Todas las tomas son cortas. De segundos. También los parlamentos. La esgrima verbal del match Benedicto XVI versus Bergoglio en los jardines de Castel Gandolfo (el mejor momento de la película) se desarrolla sin discursos: los dos jerarcas se asestan solo ironías, versículos. Benedicto lo ataca con franqueza alemana y con la grosería propia de los superiores. El cardenal Bergoglio acusa los golpes y da explicaciones humildes hasta que se le sale el argentino y le asesta puñales perfumados a Su Santidad. Conoce su lugar y sabe obedecer, pero hay trazas de malevaje sureño en su sangre.

La cámara no deja de recordarnos que somos voyeurs privilegiados. Siempre subjetiva y protagónica, espía entre arbustos, muestra el primerísimo plano de los labios que confiesan cosas graves, o nos deja ver reflejos en la vidriera que le sirve de parapeto a su fisgoneo.

Como dos papas puede ser poco, Meirelles los espolea y los muestra en plena crisis: ambos quieren renunciar. Benedicto está enfermo, los libros del Vaticano tienen vacíos fiscales, las catedrales pocos fieles y los sacerdotes demasiadas aberraciones. Como si fuera poco, Dios no ha vuelto a hablarle. A Bergoglio lo persigue la vergüenza de la muchacha que dejó plantada un día, y el fantasma del general Videla, y la certidumbre de ser incapaz de defender una Iglesia cuya política desprecia.

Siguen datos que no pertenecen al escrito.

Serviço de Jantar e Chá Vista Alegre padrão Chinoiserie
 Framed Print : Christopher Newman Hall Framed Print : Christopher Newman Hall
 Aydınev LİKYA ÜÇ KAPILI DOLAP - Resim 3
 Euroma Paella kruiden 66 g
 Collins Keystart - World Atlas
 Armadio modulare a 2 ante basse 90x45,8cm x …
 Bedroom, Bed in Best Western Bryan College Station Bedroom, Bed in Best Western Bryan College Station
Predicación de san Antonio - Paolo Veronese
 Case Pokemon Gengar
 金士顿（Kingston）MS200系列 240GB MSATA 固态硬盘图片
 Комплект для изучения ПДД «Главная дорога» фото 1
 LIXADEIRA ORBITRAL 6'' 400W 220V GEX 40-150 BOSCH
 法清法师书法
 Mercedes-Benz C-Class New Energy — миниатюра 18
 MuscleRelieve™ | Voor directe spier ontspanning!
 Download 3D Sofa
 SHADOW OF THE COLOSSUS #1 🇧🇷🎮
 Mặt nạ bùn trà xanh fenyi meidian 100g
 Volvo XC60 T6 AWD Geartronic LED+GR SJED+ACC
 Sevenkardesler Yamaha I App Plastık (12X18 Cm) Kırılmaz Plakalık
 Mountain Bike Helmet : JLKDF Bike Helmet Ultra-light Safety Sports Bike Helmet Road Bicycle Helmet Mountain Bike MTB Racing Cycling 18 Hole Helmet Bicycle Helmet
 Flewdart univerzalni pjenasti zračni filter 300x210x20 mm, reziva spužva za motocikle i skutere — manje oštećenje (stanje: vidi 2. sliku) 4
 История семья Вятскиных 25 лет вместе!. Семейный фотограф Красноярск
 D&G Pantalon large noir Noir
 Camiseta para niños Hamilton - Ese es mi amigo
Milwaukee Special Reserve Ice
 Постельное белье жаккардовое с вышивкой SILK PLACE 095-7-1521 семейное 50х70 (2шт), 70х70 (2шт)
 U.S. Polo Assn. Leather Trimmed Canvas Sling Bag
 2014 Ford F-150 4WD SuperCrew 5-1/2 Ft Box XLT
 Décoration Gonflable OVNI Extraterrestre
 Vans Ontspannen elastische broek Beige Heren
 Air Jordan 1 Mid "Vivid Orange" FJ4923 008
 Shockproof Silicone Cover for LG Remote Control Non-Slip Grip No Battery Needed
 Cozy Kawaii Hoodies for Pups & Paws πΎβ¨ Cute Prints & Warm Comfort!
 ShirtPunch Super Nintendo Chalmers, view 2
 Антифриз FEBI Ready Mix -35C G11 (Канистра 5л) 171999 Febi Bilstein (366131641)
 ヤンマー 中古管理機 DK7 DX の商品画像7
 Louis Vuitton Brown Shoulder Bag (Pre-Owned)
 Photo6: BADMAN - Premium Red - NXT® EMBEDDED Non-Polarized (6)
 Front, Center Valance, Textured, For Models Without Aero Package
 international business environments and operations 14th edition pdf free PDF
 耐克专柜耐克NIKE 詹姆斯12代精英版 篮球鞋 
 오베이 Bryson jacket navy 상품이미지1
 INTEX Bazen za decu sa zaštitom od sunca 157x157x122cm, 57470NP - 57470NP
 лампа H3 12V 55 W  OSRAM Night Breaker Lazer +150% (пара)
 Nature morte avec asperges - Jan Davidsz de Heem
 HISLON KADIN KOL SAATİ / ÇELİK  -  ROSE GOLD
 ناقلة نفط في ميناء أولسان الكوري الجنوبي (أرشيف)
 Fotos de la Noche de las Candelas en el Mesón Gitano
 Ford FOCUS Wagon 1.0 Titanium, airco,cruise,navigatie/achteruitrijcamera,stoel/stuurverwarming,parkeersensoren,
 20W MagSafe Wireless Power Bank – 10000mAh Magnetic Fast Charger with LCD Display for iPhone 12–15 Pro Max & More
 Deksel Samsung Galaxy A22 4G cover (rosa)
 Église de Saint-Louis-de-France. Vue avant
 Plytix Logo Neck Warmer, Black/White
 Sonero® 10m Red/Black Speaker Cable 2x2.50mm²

Entonces sucede el milagro. El conservador Benedicto XVI es tocado por la Gracia, se ablanda, mueve los hilos del poder a favor del reformista Bergoglio, y Bergoglio es ungido como Francisco y asume la dirección de una institución conservadora y alcahueta.

En lo ético, es una película tramposa porque bordea todos los pecados de la Iglesia sin profundizar en ninguno. Los dos papas salen por la puerta grande y la Iglesia resulta apenas salpicada. El dogma vuelve a triunfar sobre el cambio y el humanismo. Pero su resolución estética es tan impecable que uno siente que estuvo cerca del cielo, oliendo la respiración del mito, cuando en realidad solo asistió a otra reunión de la junta directiva del Banco del Vaticano.